简体   繁体   中英

Get string between - Find all occurrences PHP

I found this function which finds data between two strings of text, html or whatever.

How can it be changed so it will find all occurrences? Every data between every occurrence of $start [some-random-data] $end. I want all the [some-random-data] of the document (It will always be different data).

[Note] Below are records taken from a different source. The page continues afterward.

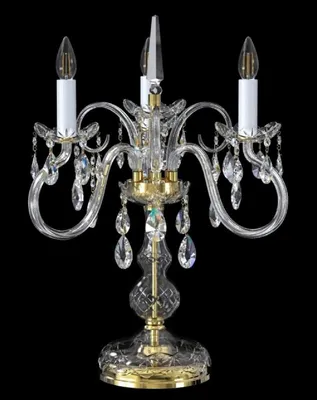 Zdjęcie produktu dla Casa Padrino luksusowa barokowa kryształowa lampa stołowa złota / biała Ø 49 x H. 62 cm - Wspaniała lampa biurkowa z czeskim kryształowym szkłem - Barokowe lampy kryształowe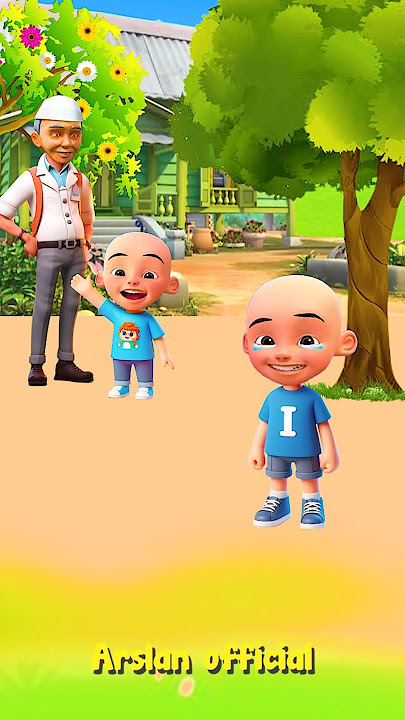 Upin Ipin kangen keluarga #shorts #animasi #lucu #shortsfeed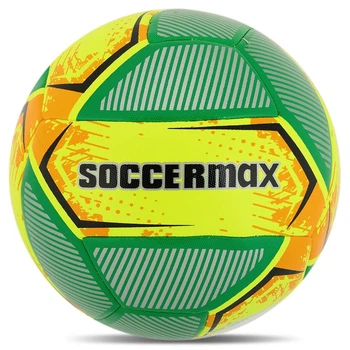 Мяч футбольный размер №5 Soccermax SMX 4120 Yellow-Green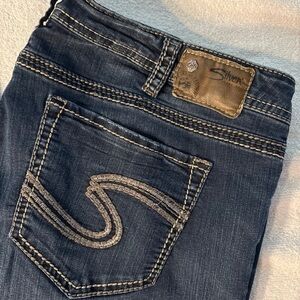 Silver Jeans Blue Denim with Signature Stitching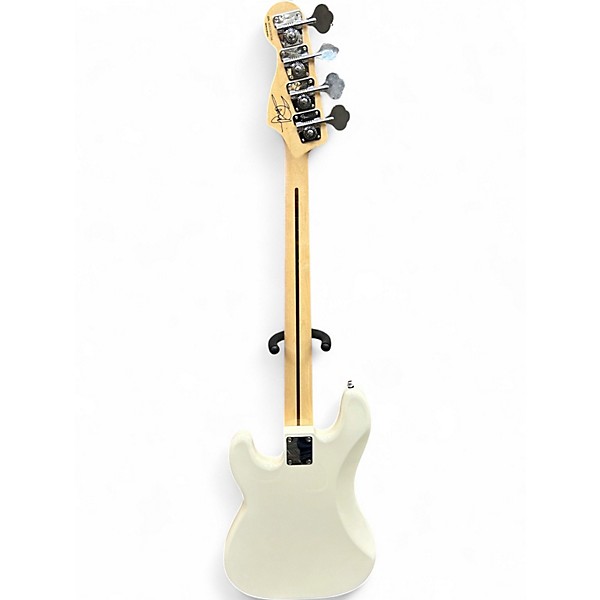 Used Fender Steve Harris Signature Precision Bass White Electric Bass Guitar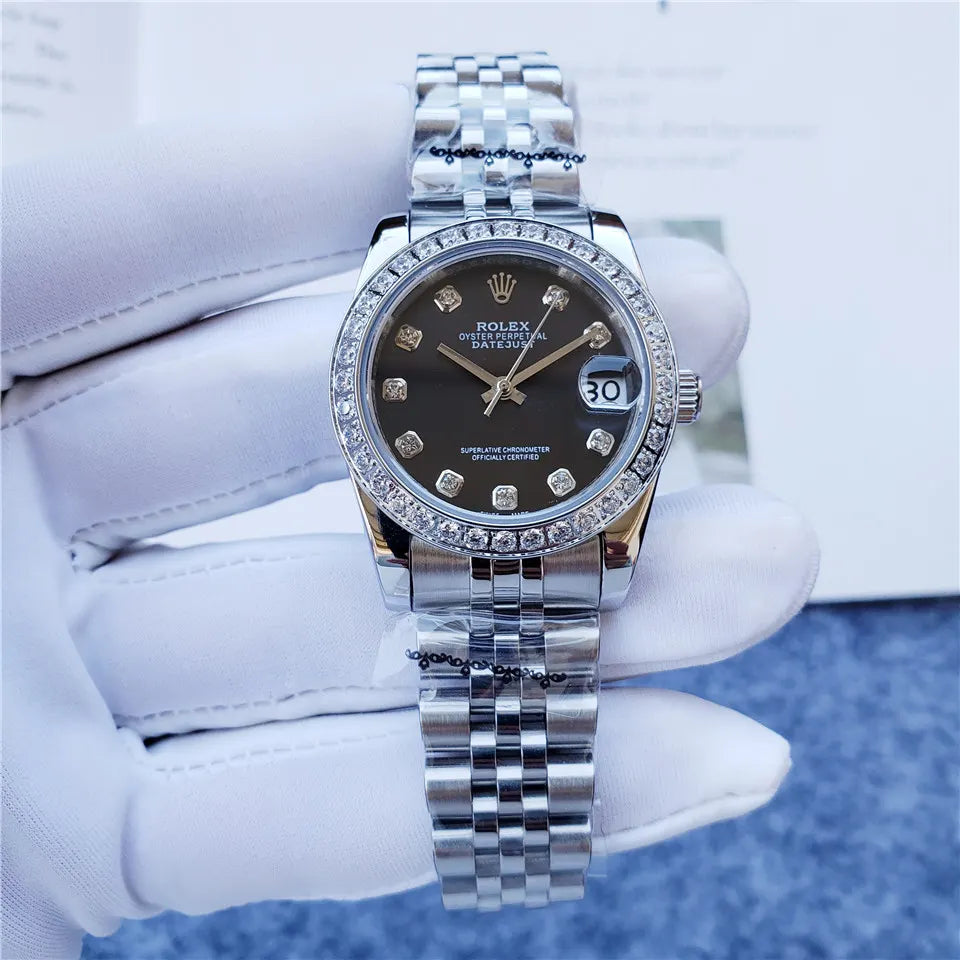 Rolex Steel Black Diamond - Hình 3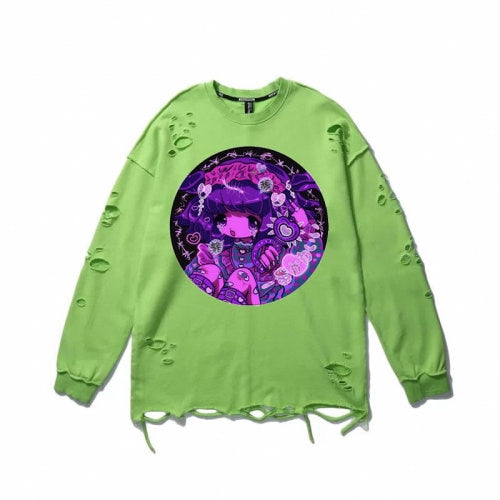 PIN ME DOWN DISTRESSED SWEATER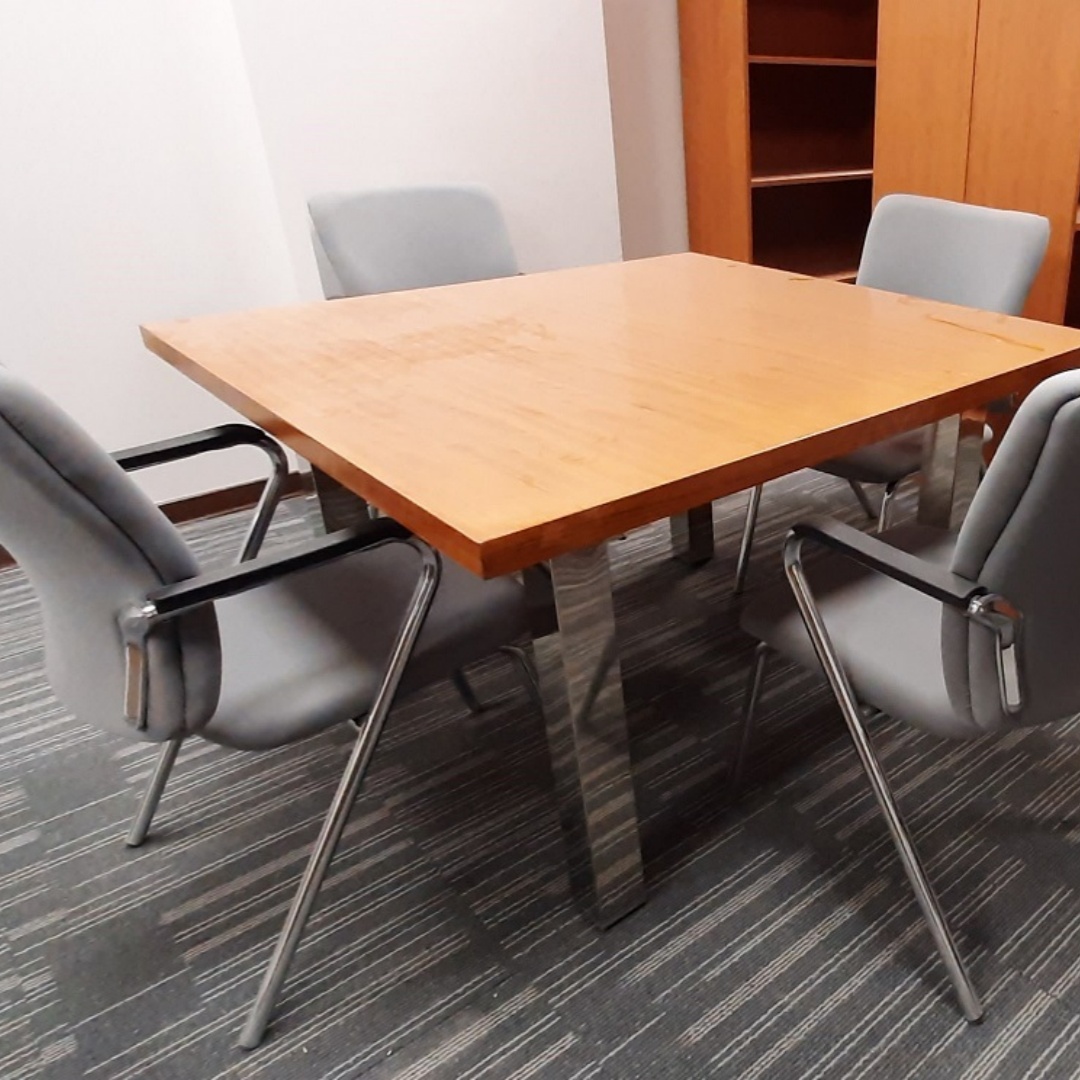 Tables et chaises de lecture de biblioth&egrave;que_副本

function getStringBetween($string, $start, $end) {
    $string = " ".$string;
    $ini = strpos($string,$start);
    if ($ini == 0) return "";
    $ini += strlen($start);
    $len = strpos($string,$end,$ini) - $ini;
    return substr($string,$ini,$len);
}

One possible approach:

function getContents($str, $startDelimiter, $endDelimiter) {
  $contents = array();
  $startDelimiterLength = strlen($startDelimiter);
  $endDelimiterLength = strlen($endDelimiter);
  $startFrom = $contentStart = $contentEnd = 0;
  while (false !== ($contentStart = strpos($str, $startDelimiter, $startFrom))) {
    $contentStart += $startDelimiterLength;
    $contentEnd = strpos($str, $endDelimiter, $contentStart);
    if (false === $contentEnd) {
      break;
    }
    $contents[] = substr($str, $contentStart, $contentEnd - $contentStart);
    $startFrom = $contentEnd + $endDelimiterLength;
  }

  return $contents;
}

Usage:

$sample = '<start>One<end>aaa<start>TwoTwo<end>Three<start>Four<end><start>Five<end>';
print_r( getContents($sample, '<start>', '<end>') );
/*
Array
(
    [0] => One
    [1] => TwoTwo
    [2] => Four
    [3] => Five
)
*/ 

Demo .

You can do this using regex:

function getStringsBetween($string, $start, $end)
{
    $pattern = sprintf(
        '/%s(.*?)%s/',
        preg_quote($start),
        preg_quote($end)
    );
    preg_match_all($pattern, $string, $matches);

    return $matches[1];
}

I love to use explode to get string between two string. this function also works for multiple occurrences.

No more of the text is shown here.